# How is fishing at Lake Vesuvius & Timber Ridge Lake?



## buickfan70 (Apr 18, 2018)

I will be in Huntington WV around Labor day and want to do some fishing in Ohio while there. These lakes look close by and wondering if anyone local could say how was the fishing in them or suggest other nearby fishing locations. I have already caught a FO Crappie and White Bass this year and would love to catch two other different FO species to get the master angler pin this year. I live in SW Ky so hope to catch something after the long drive to get there.


----------



## buickfan70 (Apr 18, 2018)

I guess nobody fishes these lakes is the Scioto river near Portsmouth a better choice to fish?


----------



## FSZ (Mar 12, 2009)

Never been to either lake. So can't help much, but to get the thread moving...

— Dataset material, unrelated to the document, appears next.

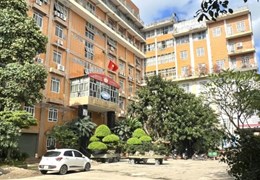 BÁN HOẶC CHO THUÊ BỆNH VIỆN TẠI BẮC GIANG.DÒNG TIỀN DOANH THU HÀNG THÁNG 7-8 TỶ. DT 2483M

I have heard timber ridge was the ***t for bass before and shortly after it became public access. It was formerly posted/private. I've heard catch rates are now down but its still "above average" for bass compared to other public water.


----------



## AtticaFish (Nov 23, 2008)

Dig back in this forum to the end of May. There was some discussion about Vesuvius. I have heard some good things about TRL from a friend, but never been there myself.


----------



## buickfan70 (Apr 18, 2018)

Thanks for reply as I know nothing about the area at all. I will have to bank fish on this trip and hope to find a few good places to fish on the couple days I will be in the area.


----------



## buickfan70 (Apr 18, 2018)

Fished Lake Vesuvius for about 3 hours very early morning 9/4/18 and caught nothing.Nice looking lake but was the dead sea for me.


----------



## Bluesangler (Jul 28, 2016)

The very 1st bass that I caught 15 minutes into my first visit there was 5lbs. But, this was back in the early 90's.
I have a Facebook friend who posted bass pictures from Timber Ridge this past Spring and his son and he caught a mess of bass. 30-40 maybe. Course they kept them all.
It had some huge bluegill in it as well.


----------